Task brief:
Starting with the line that has "SURI FREY Gitty Zip Around Wallet Brown" in the records below and stopping after the line that has "Derbies LÉANDRE noir, ODAJE", output every line exactly and nothing else; skip pictures.

Dataset records:
────────

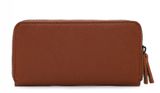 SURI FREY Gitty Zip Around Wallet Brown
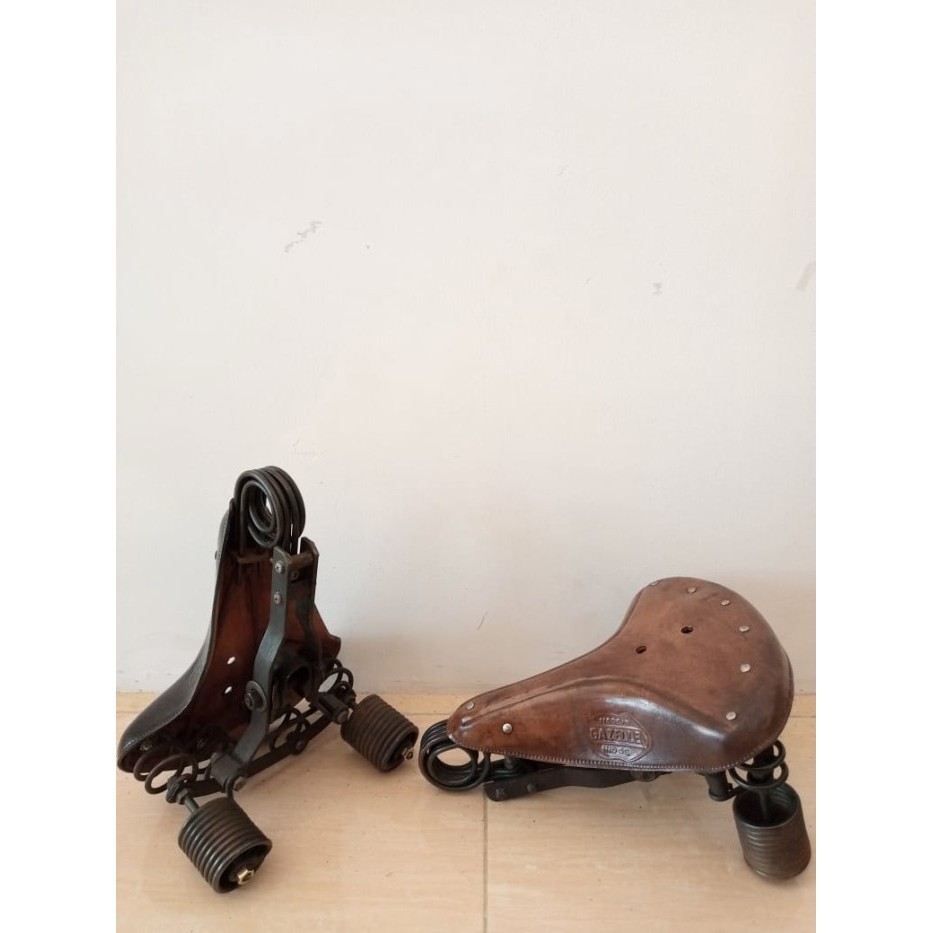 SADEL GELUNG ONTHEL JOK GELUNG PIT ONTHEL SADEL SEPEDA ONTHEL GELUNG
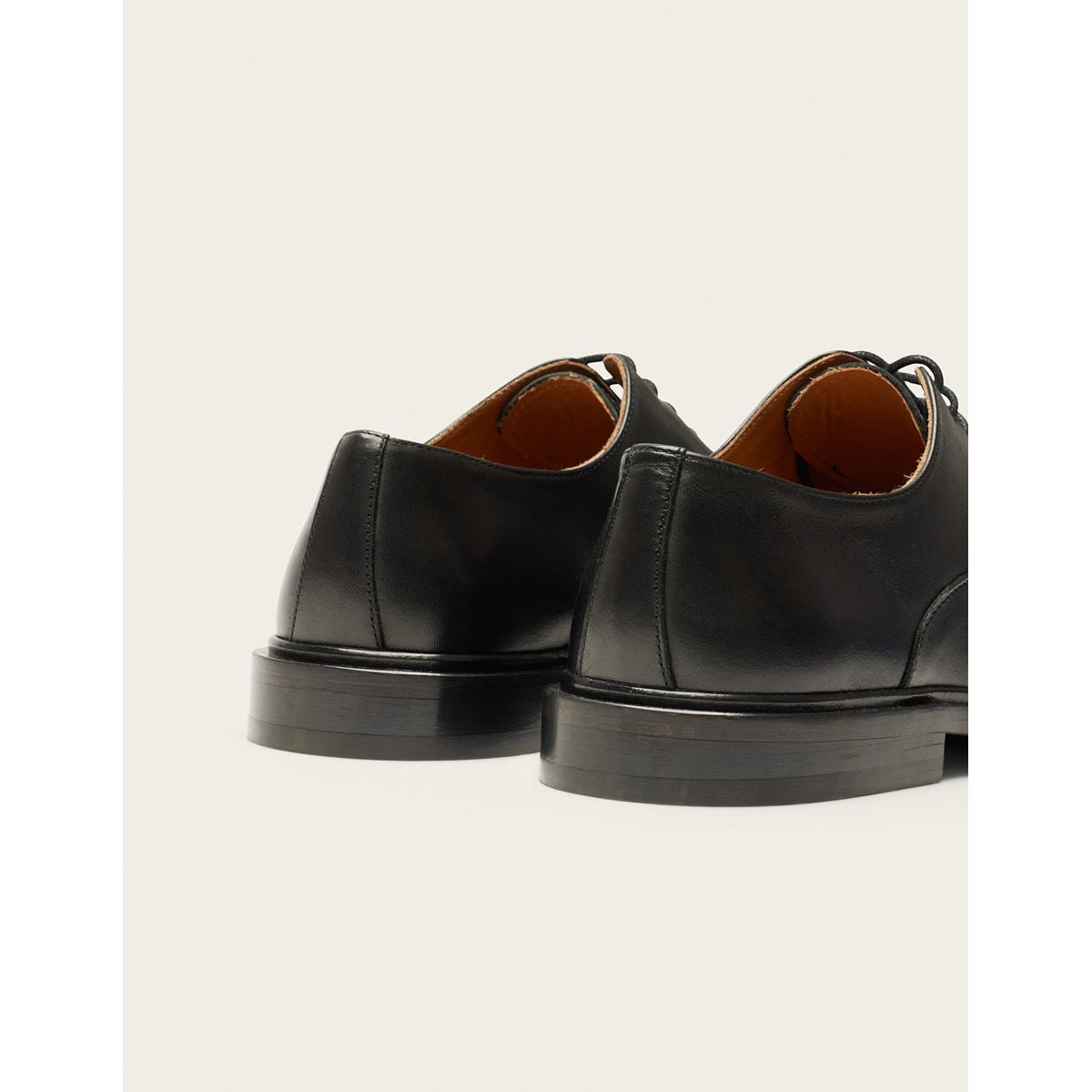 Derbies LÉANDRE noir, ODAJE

────────

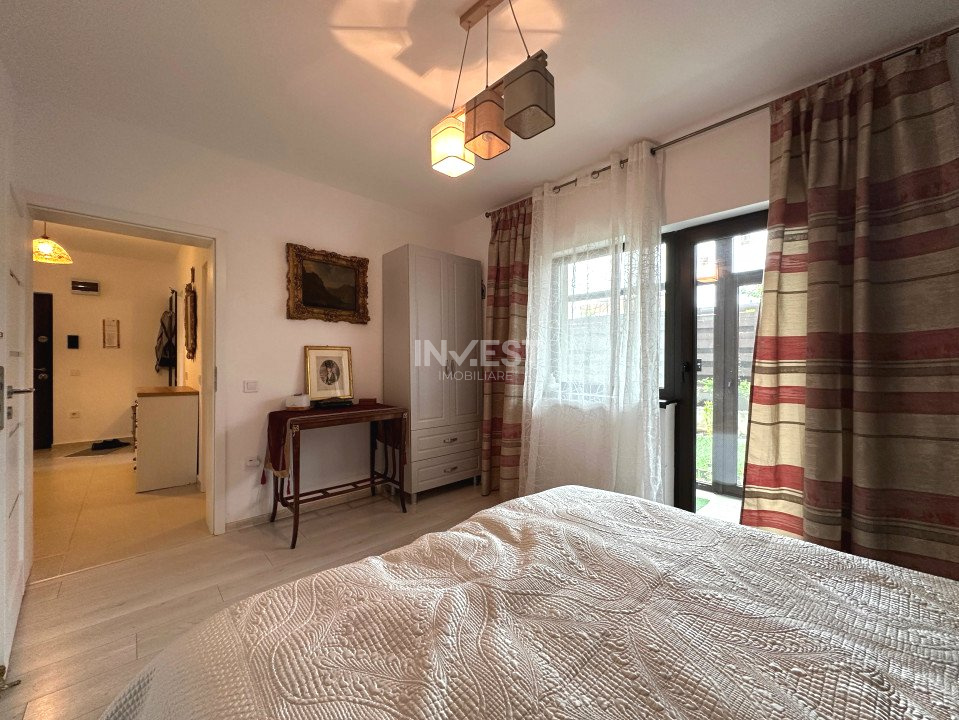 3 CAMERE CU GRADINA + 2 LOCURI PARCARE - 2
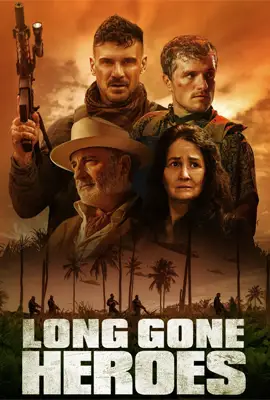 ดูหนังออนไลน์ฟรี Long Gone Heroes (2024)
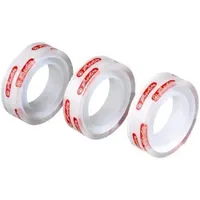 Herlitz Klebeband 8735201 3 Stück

────────

Result for this task:
 SURI FREY Gitty Zip Around Wallet Brown
 SADEL GELUNG ONTHEL JOK GELUNG PIT ONTHEL SADEL SEPEDA ONTHEL GELUNG
 Derbies LÉANDRE noir, ODAJE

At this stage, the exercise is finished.